Try it - Work through the entries that follow and state how many lines contain the word "Mockup". Only the number is wanted.

Start of Records for processing

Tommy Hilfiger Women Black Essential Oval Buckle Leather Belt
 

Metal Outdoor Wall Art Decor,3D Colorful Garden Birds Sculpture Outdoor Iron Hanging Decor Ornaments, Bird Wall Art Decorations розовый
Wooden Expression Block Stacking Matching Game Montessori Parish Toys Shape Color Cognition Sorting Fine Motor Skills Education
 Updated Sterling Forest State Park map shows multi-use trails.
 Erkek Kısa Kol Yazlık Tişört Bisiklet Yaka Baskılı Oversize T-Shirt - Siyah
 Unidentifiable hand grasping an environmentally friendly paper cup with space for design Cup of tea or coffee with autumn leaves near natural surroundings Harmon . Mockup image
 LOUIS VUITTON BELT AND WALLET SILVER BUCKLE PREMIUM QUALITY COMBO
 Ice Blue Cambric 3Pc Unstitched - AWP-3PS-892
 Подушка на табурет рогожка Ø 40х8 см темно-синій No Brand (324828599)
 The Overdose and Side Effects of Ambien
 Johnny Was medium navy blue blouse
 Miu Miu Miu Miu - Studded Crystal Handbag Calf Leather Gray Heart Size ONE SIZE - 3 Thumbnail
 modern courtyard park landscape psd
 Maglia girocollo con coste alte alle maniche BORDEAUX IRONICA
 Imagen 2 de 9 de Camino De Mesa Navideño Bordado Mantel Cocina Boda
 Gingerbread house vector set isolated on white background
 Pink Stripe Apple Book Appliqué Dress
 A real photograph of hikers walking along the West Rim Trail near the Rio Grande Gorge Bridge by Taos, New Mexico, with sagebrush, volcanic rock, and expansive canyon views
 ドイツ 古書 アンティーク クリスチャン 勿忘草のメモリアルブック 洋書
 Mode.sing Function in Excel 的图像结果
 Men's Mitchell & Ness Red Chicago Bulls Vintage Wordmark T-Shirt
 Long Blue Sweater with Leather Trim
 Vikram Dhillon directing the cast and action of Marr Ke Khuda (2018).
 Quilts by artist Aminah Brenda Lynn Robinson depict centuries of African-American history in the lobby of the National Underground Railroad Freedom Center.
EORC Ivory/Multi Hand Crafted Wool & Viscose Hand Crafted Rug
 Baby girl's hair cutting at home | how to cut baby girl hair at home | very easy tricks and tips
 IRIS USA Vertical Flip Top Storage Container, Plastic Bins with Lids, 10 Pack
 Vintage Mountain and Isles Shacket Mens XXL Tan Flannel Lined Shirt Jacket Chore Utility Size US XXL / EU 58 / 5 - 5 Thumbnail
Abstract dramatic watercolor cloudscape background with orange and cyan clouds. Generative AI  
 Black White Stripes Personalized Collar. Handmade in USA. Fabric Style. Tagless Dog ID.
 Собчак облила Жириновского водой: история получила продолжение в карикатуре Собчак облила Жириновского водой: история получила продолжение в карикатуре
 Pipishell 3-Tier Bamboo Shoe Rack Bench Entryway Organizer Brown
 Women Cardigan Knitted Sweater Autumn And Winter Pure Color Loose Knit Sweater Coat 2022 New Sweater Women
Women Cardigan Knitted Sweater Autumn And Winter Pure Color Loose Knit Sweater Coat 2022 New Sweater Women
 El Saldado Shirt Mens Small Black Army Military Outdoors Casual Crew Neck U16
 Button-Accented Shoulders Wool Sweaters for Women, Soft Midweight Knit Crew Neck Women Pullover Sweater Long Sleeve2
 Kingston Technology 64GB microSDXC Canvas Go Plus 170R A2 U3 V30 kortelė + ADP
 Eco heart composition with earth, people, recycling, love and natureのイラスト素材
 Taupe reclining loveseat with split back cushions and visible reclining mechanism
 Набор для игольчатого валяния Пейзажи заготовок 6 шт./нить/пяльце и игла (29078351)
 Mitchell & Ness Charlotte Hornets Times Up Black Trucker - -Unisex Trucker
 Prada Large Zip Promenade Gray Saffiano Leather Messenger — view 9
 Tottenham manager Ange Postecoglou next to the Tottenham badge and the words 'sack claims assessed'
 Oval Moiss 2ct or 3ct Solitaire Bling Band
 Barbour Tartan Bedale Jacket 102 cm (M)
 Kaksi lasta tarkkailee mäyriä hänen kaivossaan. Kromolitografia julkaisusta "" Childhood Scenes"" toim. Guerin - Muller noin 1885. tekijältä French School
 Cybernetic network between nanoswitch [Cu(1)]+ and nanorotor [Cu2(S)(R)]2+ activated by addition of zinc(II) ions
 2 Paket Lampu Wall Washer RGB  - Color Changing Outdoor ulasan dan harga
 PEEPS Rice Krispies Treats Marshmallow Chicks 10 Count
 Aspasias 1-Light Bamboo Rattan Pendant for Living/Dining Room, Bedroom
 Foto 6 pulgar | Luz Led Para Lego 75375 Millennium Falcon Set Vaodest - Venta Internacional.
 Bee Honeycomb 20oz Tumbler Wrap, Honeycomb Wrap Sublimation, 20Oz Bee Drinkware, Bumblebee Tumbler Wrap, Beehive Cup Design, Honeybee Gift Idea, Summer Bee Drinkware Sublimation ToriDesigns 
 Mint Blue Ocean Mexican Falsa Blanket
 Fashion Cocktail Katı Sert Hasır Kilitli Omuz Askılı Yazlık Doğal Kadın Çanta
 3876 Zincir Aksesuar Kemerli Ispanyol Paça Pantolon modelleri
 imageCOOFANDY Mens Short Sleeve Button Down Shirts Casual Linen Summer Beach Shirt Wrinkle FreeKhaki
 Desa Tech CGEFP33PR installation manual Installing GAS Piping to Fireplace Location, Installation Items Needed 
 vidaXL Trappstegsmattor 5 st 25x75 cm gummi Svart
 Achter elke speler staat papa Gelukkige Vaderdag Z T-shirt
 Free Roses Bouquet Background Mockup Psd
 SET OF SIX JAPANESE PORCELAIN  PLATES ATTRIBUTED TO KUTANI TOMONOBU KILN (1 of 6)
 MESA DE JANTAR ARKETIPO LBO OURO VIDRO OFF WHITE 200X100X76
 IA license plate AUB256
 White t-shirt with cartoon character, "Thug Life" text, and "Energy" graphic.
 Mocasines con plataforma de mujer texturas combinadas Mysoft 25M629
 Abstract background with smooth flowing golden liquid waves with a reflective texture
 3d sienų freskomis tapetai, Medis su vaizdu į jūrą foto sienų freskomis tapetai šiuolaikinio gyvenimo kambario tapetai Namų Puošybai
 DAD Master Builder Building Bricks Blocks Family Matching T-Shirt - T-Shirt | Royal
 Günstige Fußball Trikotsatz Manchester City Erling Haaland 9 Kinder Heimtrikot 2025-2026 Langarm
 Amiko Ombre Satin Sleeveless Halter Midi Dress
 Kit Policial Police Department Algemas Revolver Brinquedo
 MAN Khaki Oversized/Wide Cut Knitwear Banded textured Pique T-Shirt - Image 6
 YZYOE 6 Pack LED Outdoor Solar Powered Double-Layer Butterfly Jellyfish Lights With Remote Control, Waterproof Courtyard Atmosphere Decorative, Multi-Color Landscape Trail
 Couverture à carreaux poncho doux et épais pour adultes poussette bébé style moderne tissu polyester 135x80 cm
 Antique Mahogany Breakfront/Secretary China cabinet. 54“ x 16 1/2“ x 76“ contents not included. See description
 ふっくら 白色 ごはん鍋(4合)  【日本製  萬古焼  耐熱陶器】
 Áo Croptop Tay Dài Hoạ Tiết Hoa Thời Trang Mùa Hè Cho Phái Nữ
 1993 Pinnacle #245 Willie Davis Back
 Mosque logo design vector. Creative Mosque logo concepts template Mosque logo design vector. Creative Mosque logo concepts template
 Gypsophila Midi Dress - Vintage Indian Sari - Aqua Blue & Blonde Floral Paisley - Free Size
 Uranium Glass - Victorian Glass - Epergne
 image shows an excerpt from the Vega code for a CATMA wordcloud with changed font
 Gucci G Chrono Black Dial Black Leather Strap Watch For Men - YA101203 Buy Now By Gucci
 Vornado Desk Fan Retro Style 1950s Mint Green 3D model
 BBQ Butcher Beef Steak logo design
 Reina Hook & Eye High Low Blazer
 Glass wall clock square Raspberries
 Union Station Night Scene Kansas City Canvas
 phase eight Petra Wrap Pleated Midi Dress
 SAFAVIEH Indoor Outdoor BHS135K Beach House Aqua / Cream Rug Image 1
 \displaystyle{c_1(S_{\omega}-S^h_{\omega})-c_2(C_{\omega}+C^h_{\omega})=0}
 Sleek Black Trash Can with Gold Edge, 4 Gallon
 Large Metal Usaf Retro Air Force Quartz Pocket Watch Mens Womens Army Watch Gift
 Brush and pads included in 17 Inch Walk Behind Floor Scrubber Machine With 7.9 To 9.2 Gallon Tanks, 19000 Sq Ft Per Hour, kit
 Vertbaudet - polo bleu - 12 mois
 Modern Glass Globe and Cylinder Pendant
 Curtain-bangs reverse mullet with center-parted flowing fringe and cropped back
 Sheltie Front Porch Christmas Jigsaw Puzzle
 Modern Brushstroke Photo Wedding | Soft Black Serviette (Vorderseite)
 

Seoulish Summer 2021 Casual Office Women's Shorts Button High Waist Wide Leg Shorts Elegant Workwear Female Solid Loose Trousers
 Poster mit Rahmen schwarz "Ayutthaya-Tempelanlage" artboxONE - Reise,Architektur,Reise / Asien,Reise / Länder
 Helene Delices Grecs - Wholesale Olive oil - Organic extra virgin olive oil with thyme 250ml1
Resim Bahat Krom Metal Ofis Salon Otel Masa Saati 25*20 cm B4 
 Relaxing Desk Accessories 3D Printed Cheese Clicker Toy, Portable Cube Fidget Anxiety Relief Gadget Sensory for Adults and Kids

End of Records for processing

Your response - 2